Vegetariano desde a década de 80, Peninha se define como falastrão, desorganizado, "maconhólogo", idiossincrático e individualista, mas ressalta que o seu individualismo é à la Bob Dylan. "Sou neuroticamente individualista e só me interesso por mim, num certo sentido. Acho que sou um cara ecumênico, que tem uma obra 'social', que fez um monte de coisa pela história do Brasil e pela edição de livros, mas no fundo eu tenho esse individualismo americano, à la Bob Dylan. Não no sentido egoísta."

Entre os arrependimentos, está o fato de ter viajado bem menos do que gostaria, pois, segundo ele, os livros exigem muita dedicação. Pretende ainda conhecer o Egito, o Alasca e lugares da Ásia. Quando o jornalista se autoavalia, enxerga um homem com mente de escritor, que percebe o mundo através de suas leituras e de seus projetos autorais. "Minha visão de mundo está diretamente ligada a uma visão andarilha, caminhante, nômade, aventureira. Em função das exigências da minha obra, acabo viajando muito menos do que gosto e preciso."

Na instância pessoal, lamenta algumas "lambanças" e de não ter sido incauto na vida amorosa, a qual iniciou muito cedo. Com cinco anos, começou a "namorar" Gigi e este relacionamento durou 19 anos. A amizade permanece até hoje. Para Peninha, casamento e namoro não são sinônimos de monogamia. "Eu anuncio: 'se quer me namorar, me namora. Não vou te cobrar nada, mas não sou monogâmico.'" A explicação dele para esta postura? "Pô, sou hippie, né? Mas sempre dá merda."

Depois da Gigi, viveu durante 14 anos com a designer Ana Adams e assumiu as enteadas Belém, 28 anos, e Flora, 25, como filhas. Mais tarde, foi casado com a jornalista Lúcia Brito, com quem teve uma filha, Lízia, 12 anos. E, atualmente, namora a escritora, publicitária e jornalista Paula Taitelbaun. "Até que eu sou um cara bem longevo, porque, se você for somar tudo, eu permaneci casado por mais de 40 anos."

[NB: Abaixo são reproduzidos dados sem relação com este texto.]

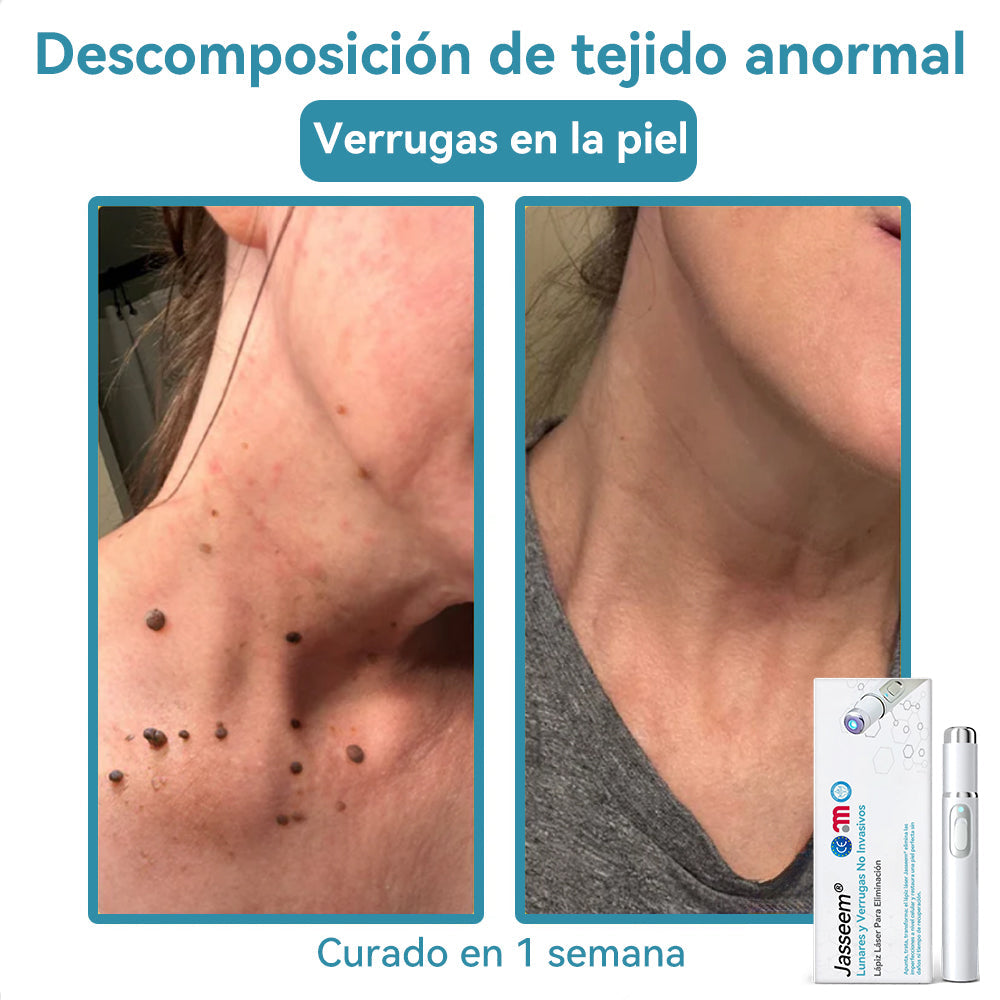 𝐉𝐚𝐬𝐬𝐞𝐞𝐦® Lápiz Láser de Grado Médico 💕 (Tecnología Láser de Dióxido de Carbono – Eficaz para Eliminar Lunares, Verrugas, Excesos de Piel, Manchas de Pigmentación y Otros Defectos de la Piel) 🔥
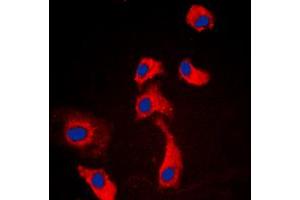 Immunofluorescent analysis of GPR116 staining in HEK293T cells. (G Protein-Coupled Receptor 116 Antikörper  (C-Term))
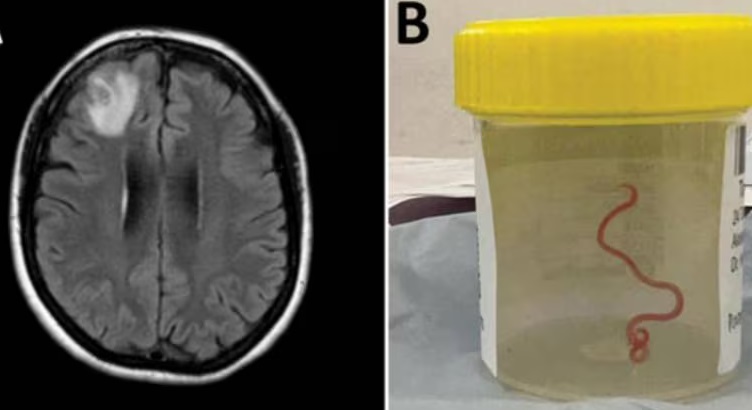 8-cm live worm removed from woman’s brain in world’s 1st discovery 8-cm-live-worm-removed-from-woman’s-brain-in-world’s-1st-discovery
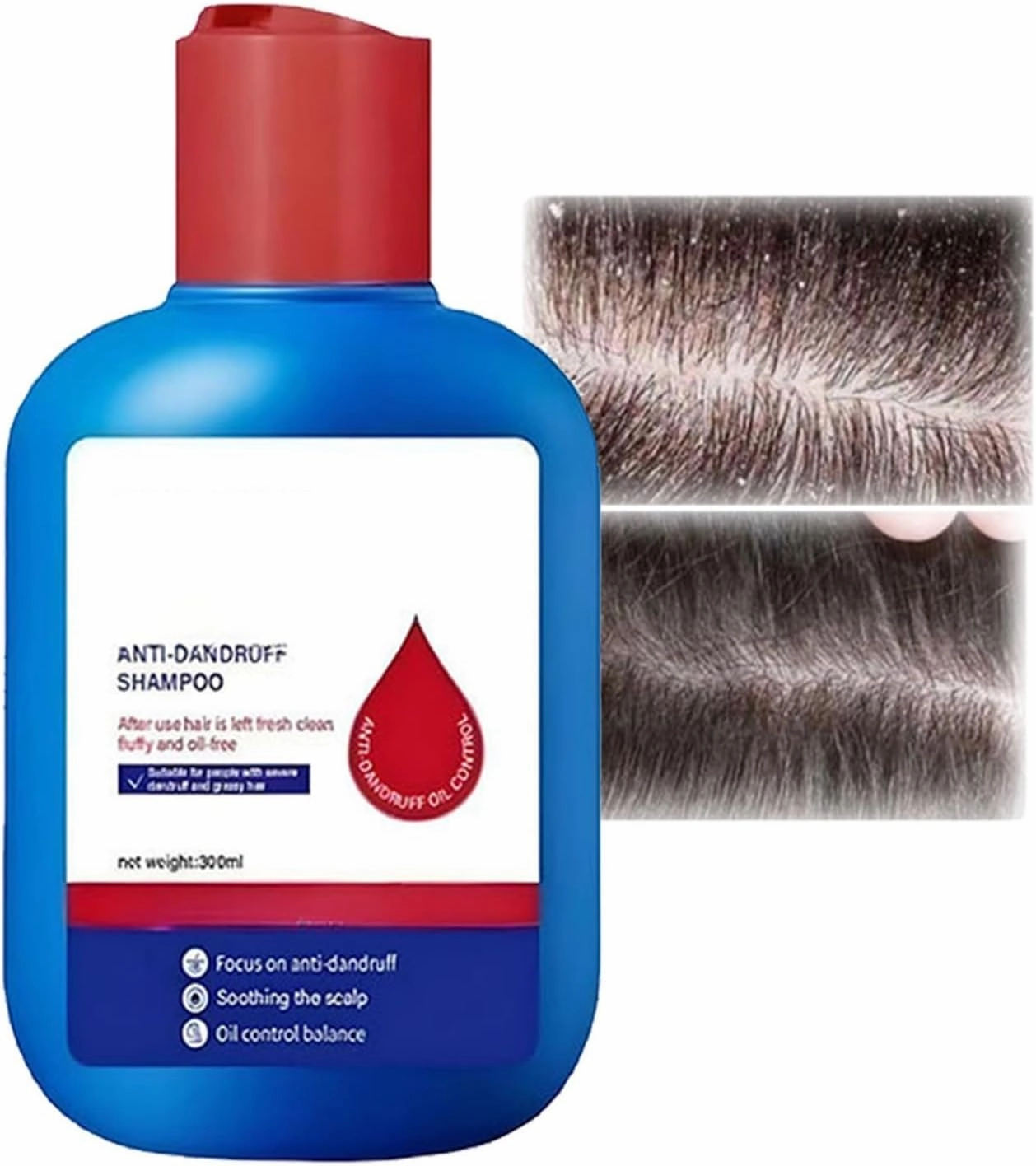 Nipori Shampoo, Hair Care Shampoo, Oil Control Refreshing Anti-Dandruff Cleansing for Men and Women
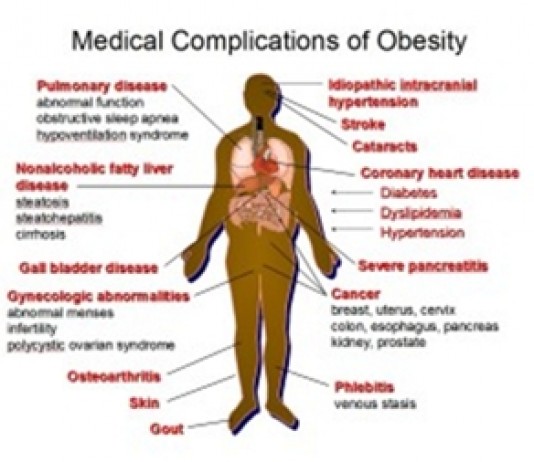 Why obesity in US keeps rising despite so-called healthy diets
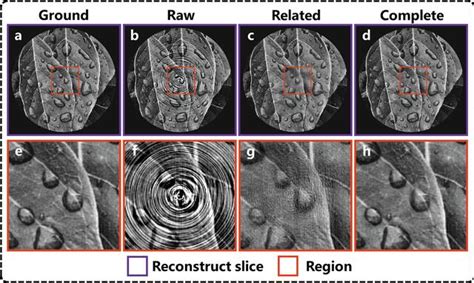 Iucr Deep Learning Based Ring Artifact Correction For Tomographic Reconstruction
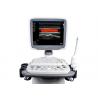 Compact / Agile Trolley Colour Doppler 3D 4D Ultrasound Machine For Pregnancy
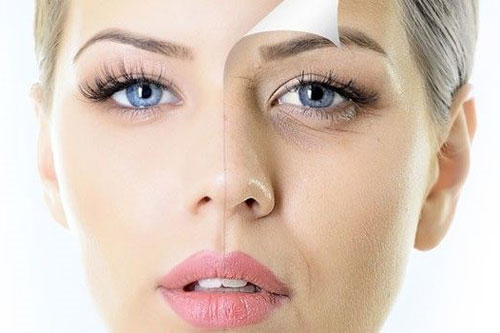 Mẹo xóa tan quầng thâm và bọng mắt chỉ với 2 nguyên liệu trong nhà bếp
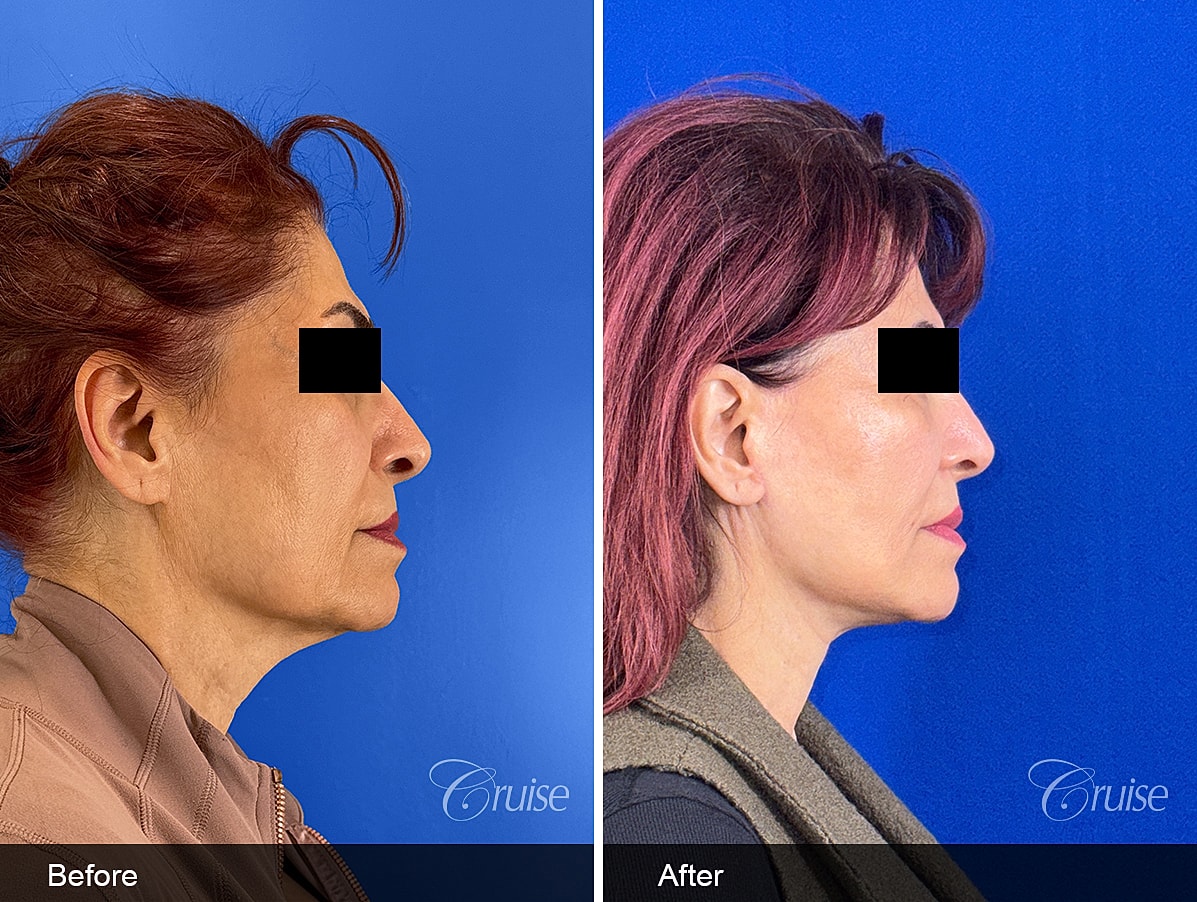 Face Lift Before & After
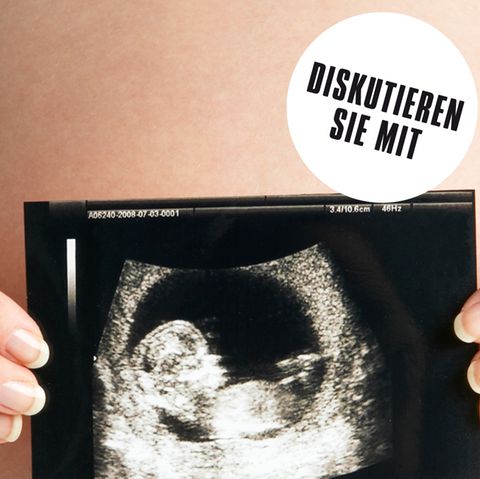 Eine schwangere Frau zeigt die Ultraschallaufnahme ihres Kindes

Um ritmo desacelerado em uma casa à beira-mar. É o que Peninha espera do futuro. O que não significa que ele deixará os livros de lado, pois ainda planeja escrever mais 50 obras. Já tem até os temas definidos. Só precisa se livrar do mau hábito herdado do jornalismo de escrever sob tensão, à base de café e com um método criativo muito atribulado. Intenso e inquieto, Eduardo Bueno é assim mesmo: excesso de vida em uma só. E, dependendo do vento, Peninha também vai além.